(Records drawn from a dataset)
====
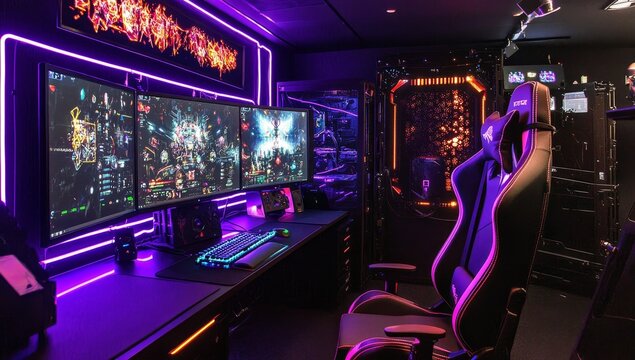 Ultimate gaming setup with triple monitors, neon lights, and ergonomic chair.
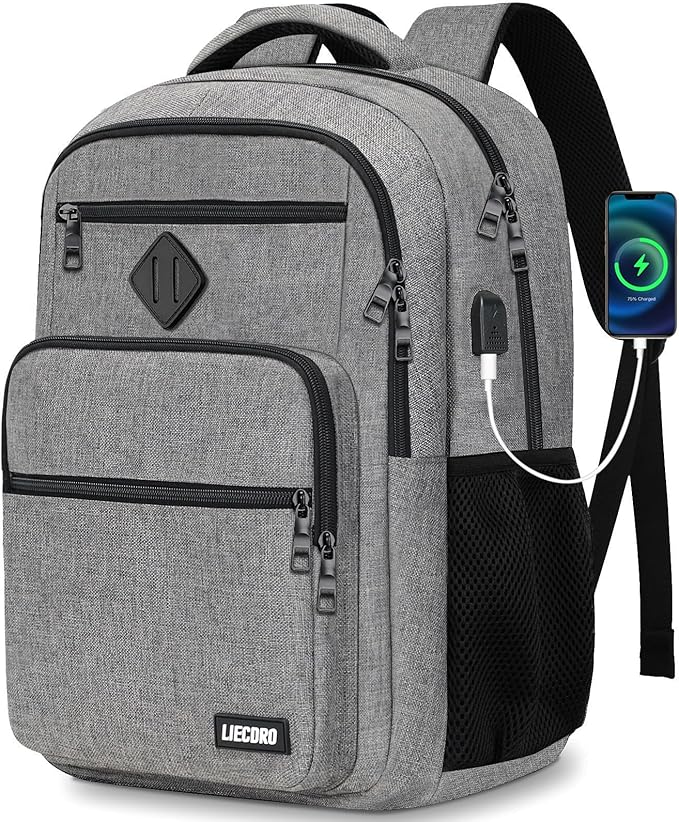 School Backpack for Boys Girls Teens, Grey Backpack for Men Women, 15.6 inch Laptop Back Pack with USB Charging Port, Backpacks for School Business Work College Travel, College Book Bag, Bookbag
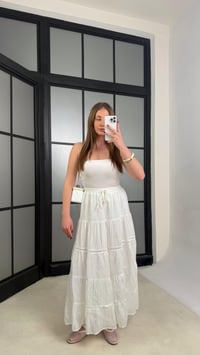 Beyaz Beli Lastikli Nakış Detaylı Astarlı Etek GAUS-01242GAUSETEKGAUS-01242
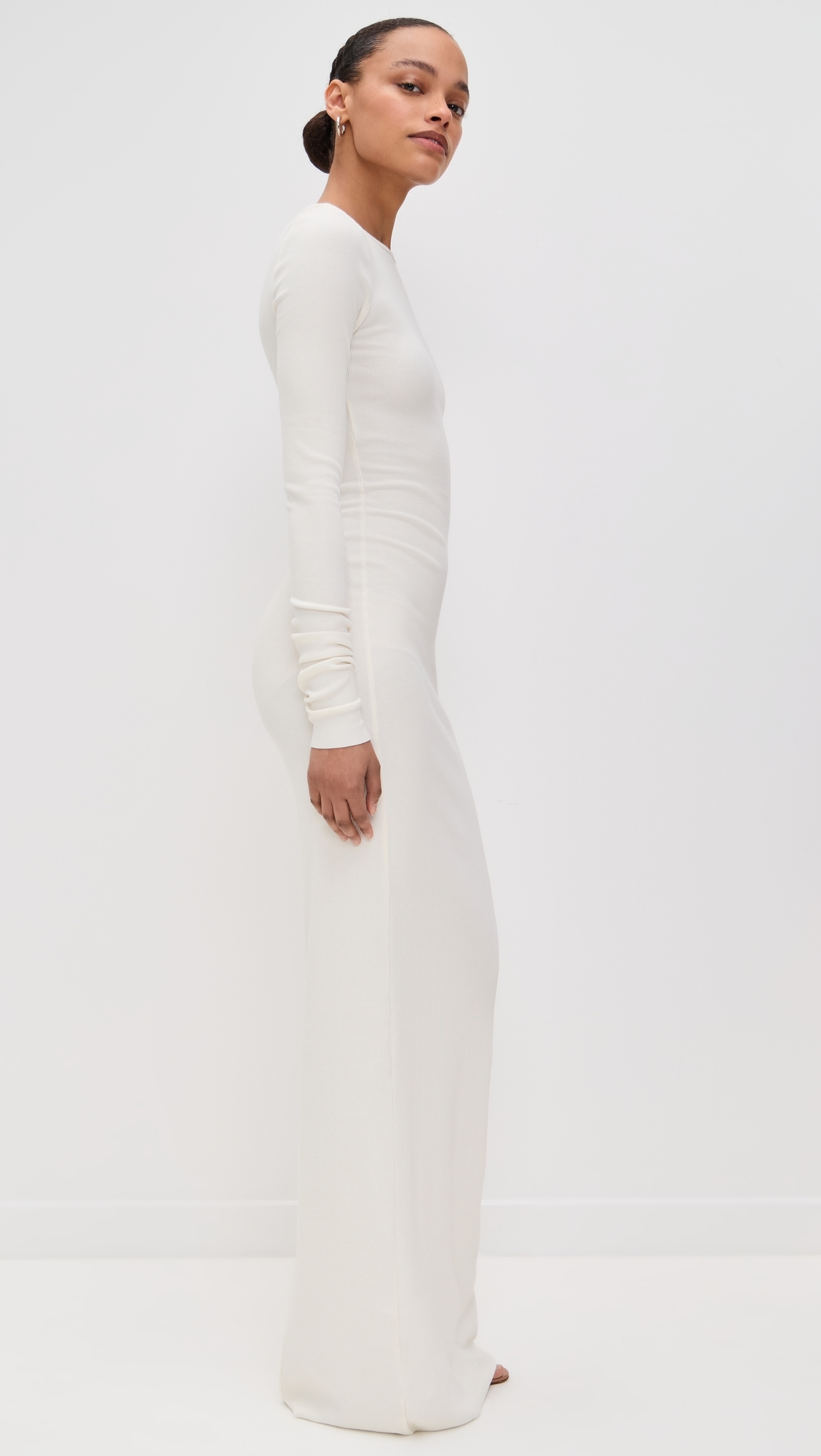 Eterne Long Sleeve Crew Neck Maxi Dress Cream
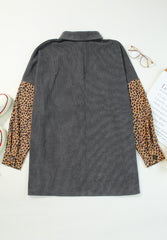 Leopard Button Up Drop Shoulder Jacket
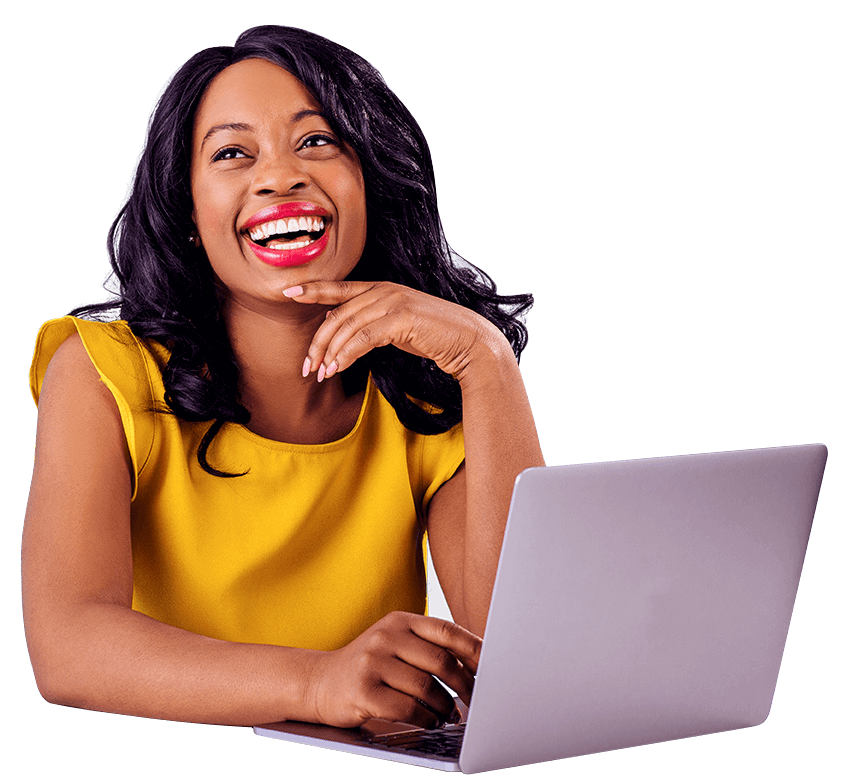 woman using laptop looking at a Digital marketing agency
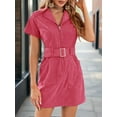 thumbnail image 2 of Women's Short Sleeve Lapel Zipper Belt Dress Corduroy Pocket Mini Dress, 2 of 6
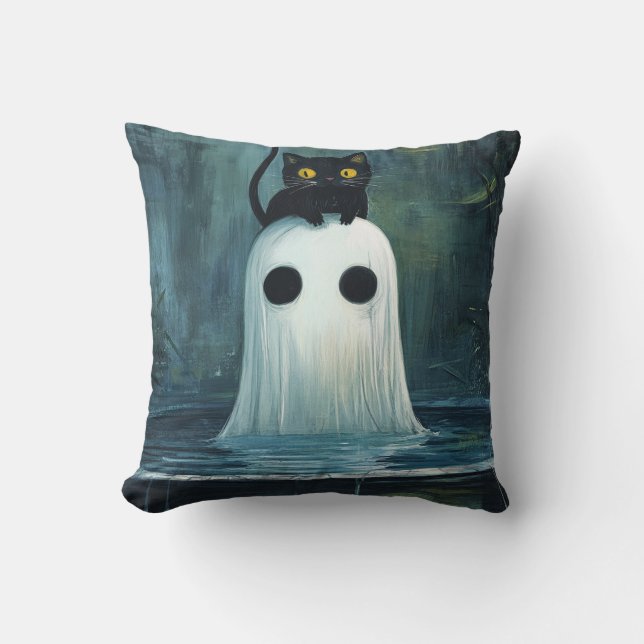 Halloween Cat and Ghost in Pool Throw Pillow (Front)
====
** EXERCISE INSTRUCTIONS **
All of the data should be returned word for word, with each picture left out.

** TASK SOLUTION **
 Ultimate gaming setup with triple monitors, neon lights, and ergonomic chair.
 School Backpack for Boys Girls Teens, Grey Backpack for Men Women, 15.6 inch Laptop Back Pack with USB Charging Port, Backpacks for School Business Work College Travel, College Book Bag, Bookbag
 Beyaz Beli Lastikli Nakış Detaylı Astarlı Etek GAUS-01242GAUSETEKGAUS-01242
 Eterne Long Sleeve Crew Neck Maxi Dress Cream
 Leopard Button Up Drop Shoulder Jacket
 woman using laptop looking at a Digital marketing agency
 thumbnail image 2 of Women's Short Sleeve Lapel Zipper Belt Dress Corduroy Pocket Mini Dress, 2 of 6
 Halloween Cat and Ghost in Pool Throw Pillow (Front)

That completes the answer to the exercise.